Market watchers tied the sudden move to weakness in the dollar after the U.S. Commerce Department reported a bigger-than-expected decline in U.S. new home sales to the lowest in nine months. CME Group said there was nothing unusual or irregular about the trades.

Gasoline prices shot up after energy intelligence provider Genscape reported the shutdown of a 70,000 barrel per day (bpd) fluid catalytic cracking unit at Irving Oil’s 300,000 bpd St. John refinery in New Brunswick, Canada.

Irving confirmed the unit had been shut for unplanned maintenance, and trade sources said it could be down for a week.

Brent crude was up $1.09 at $110.99 a barrel by 1:06 p.m. EDT, off earlier highs of $111.23 a barrel.

U.S. crude rose $1.68 to $106.71 a barrel, off a session peak of $106.94 and narrowing the contract’s discount to Brent to $4.29 a barrel.

Brent trading volumes were 8 percent below their 30-day moving average at just under 500,000 contracts, while U.S. crude was nearly 40 percent below that average at 370,000 contracts.

September U.S. gasoline futures was up 4.74 cents at $3.0122 a gallon. The premium of the September contract to the October contracts, which blew out to 14.08 cents from 12.64 cents on Thursday right after the first reports of the Irving refinery outage, traded at to 13.70 cents.

Oil markets have mostly been in a $5 range for the last eight weeks, with Brent swinging between $105 and $110 per barrel since early July and U.S. crude between $103 and $108.
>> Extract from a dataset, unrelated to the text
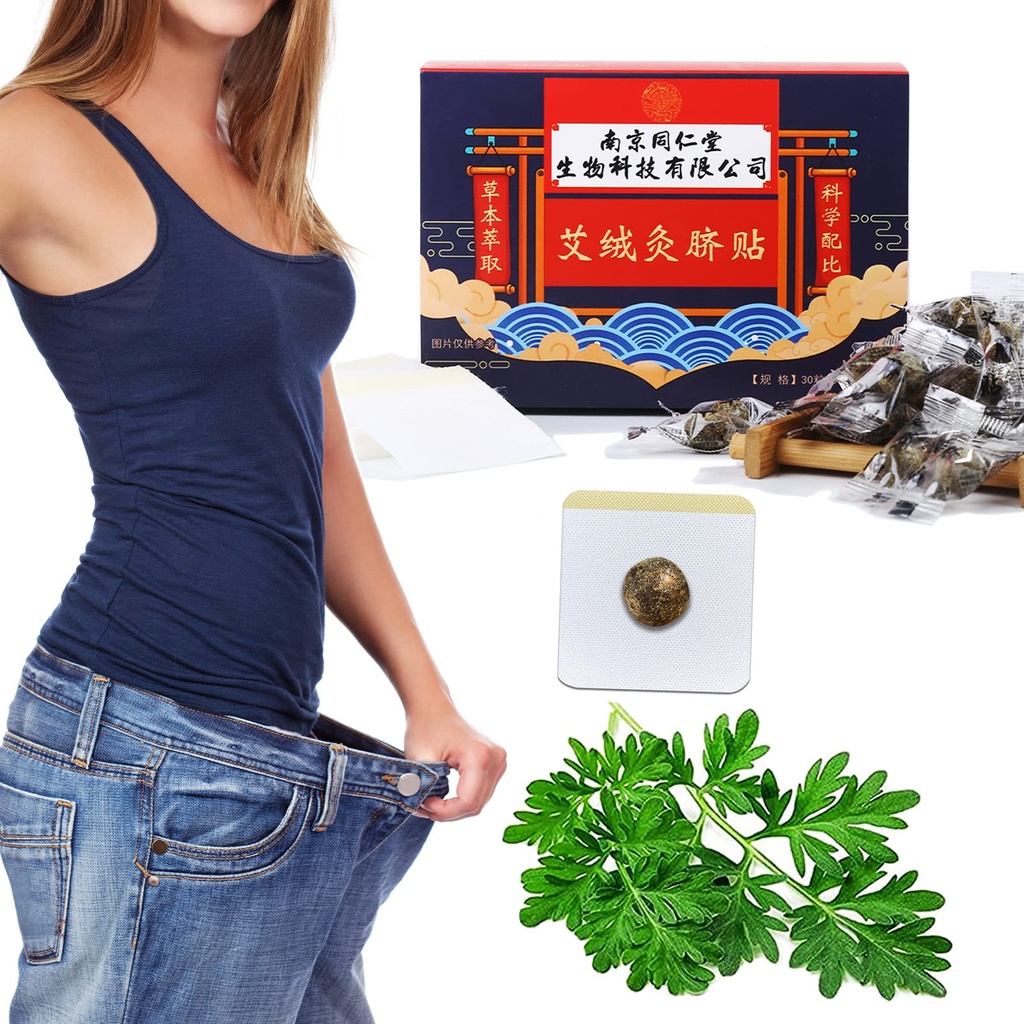 有効な古代の治療法の健康な腹の餌、Mugwort Navelのステッカー、Wormwoodの腹ボタン パッチ、女性および人のための草のウエストの餌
Prices are apt to move from one side to another rapidly the longer the market stays in a range, said Gene McGillian, an analyst with Tradition Energy in Stamford, Connecticut.

Light trading volume during summer added to the volatility.

“During vacation time when you have light volume, you do get exaggerated price moves. You can push it a lot further a lot faster,” he said.

Libya’s largest crude oil export terminal, Es Sider, and the oil port of Zueitina remain closed, Deputy Oil Minister Omar Shakmak said, although some improvement was seen at other ports. The outages are the worst disruption of Libya’s oil sector since the 2011 civil war.